Your goal >>
If a picture appears, leave it out, and reproduce exactly the lines from the start of the listing below through the one bearing "For help choosing".

*** Begin section ***

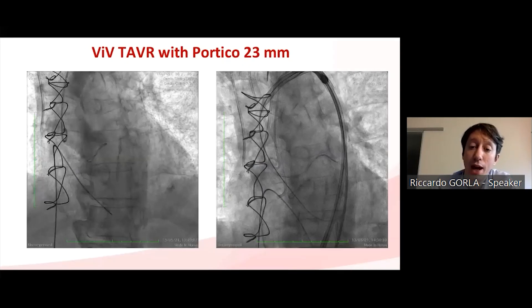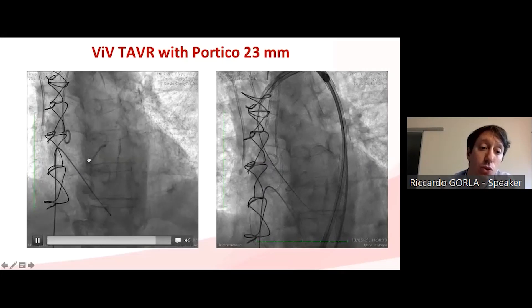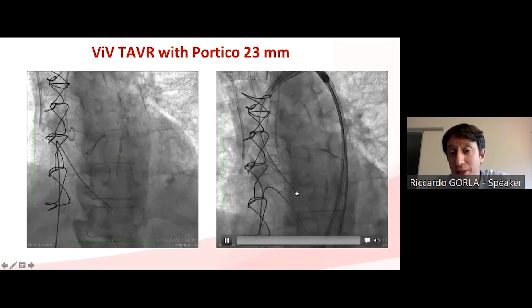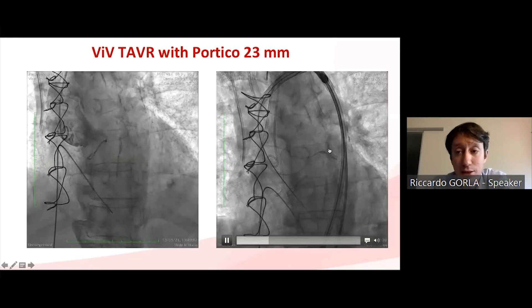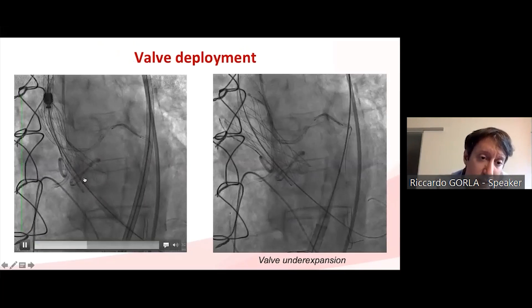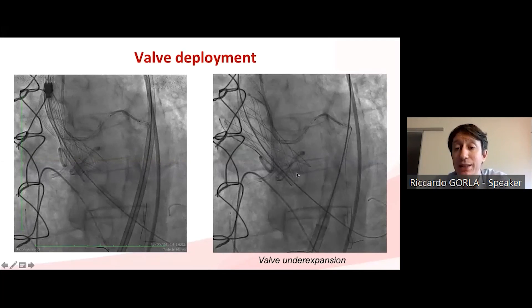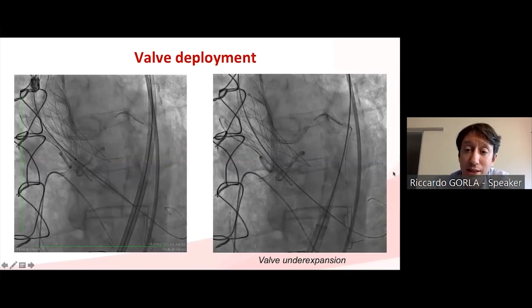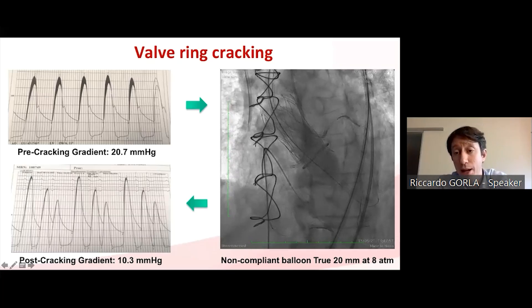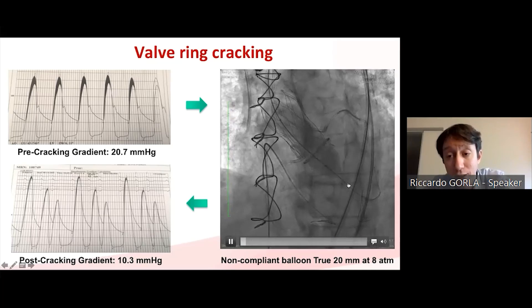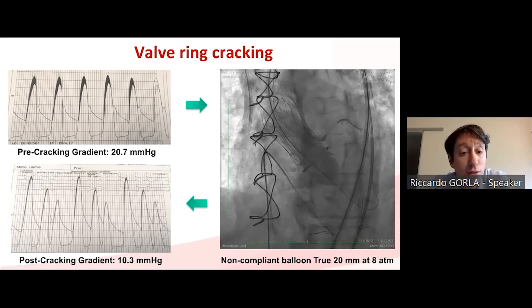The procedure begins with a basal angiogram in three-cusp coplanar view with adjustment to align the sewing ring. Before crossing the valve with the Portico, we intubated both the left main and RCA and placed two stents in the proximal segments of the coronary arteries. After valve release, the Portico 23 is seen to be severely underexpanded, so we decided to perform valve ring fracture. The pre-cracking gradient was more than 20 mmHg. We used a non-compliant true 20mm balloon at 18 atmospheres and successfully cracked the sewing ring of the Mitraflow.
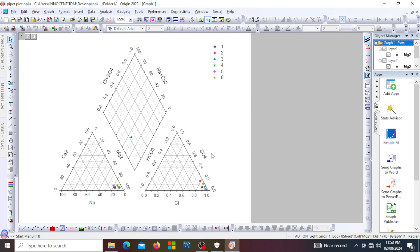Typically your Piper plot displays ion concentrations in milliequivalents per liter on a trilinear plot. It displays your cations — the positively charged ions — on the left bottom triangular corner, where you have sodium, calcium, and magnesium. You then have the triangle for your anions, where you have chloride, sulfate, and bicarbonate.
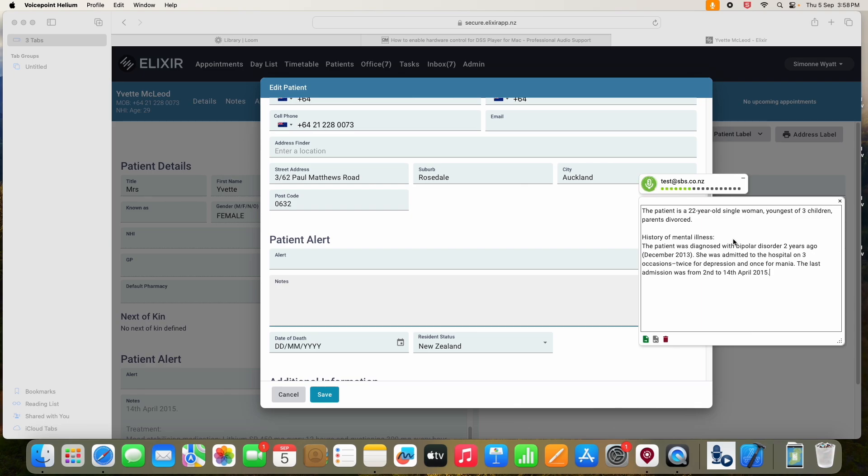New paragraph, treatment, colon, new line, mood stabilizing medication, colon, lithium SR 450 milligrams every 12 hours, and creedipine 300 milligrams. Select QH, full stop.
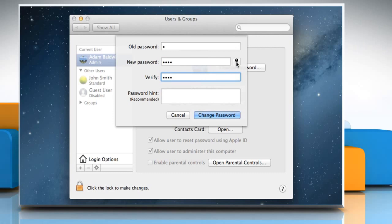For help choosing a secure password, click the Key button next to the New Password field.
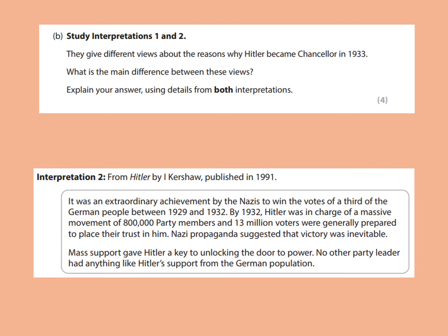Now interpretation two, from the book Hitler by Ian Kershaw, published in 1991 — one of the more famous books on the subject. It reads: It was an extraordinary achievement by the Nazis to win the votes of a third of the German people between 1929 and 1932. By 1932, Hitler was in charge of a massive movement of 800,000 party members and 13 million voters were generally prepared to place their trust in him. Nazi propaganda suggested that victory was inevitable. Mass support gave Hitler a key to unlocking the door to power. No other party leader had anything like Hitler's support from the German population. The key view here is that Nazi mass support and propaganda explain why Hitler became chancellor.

*** End section ***

Exercise answer >>
The procedure begins with a basal angiogram in three-cusp coplanar view with adjustment to align the sewing ring. Before crossing the valve with the Portico, we intubated both the left main and RCA and placed two stents in the proximal segments of the coronary arteries. After valve release, the Portico 23 is seen to be severely underexpanded, so we decided to perform valve ring fracture. The pre-cracking gradient was more than 20 mmHg. We used a non-compliant true 20mm balloon at 18 atmospheres and successfully cracked the sewing ring of the Mitraflow.
Typically your Piper plot displays ion concentrations in milliequivalents per liter on a trilinear plot. It displays your cations — the positively charged ions — on the left bottom triangular corner, where you have sodium, calcium, and magnesium. You then have the triangle for your anions, where you have chloride, sulfate, and bicarbonate.
New paragraph, treatment, colon, new line, mood stabilizing medication, colon, lithium SR 450 milligrams every 12 hours, and creedipine 300 milligrams. Select QH, full stop.
For help choosing a secure password, click the Key button next to the New Password field.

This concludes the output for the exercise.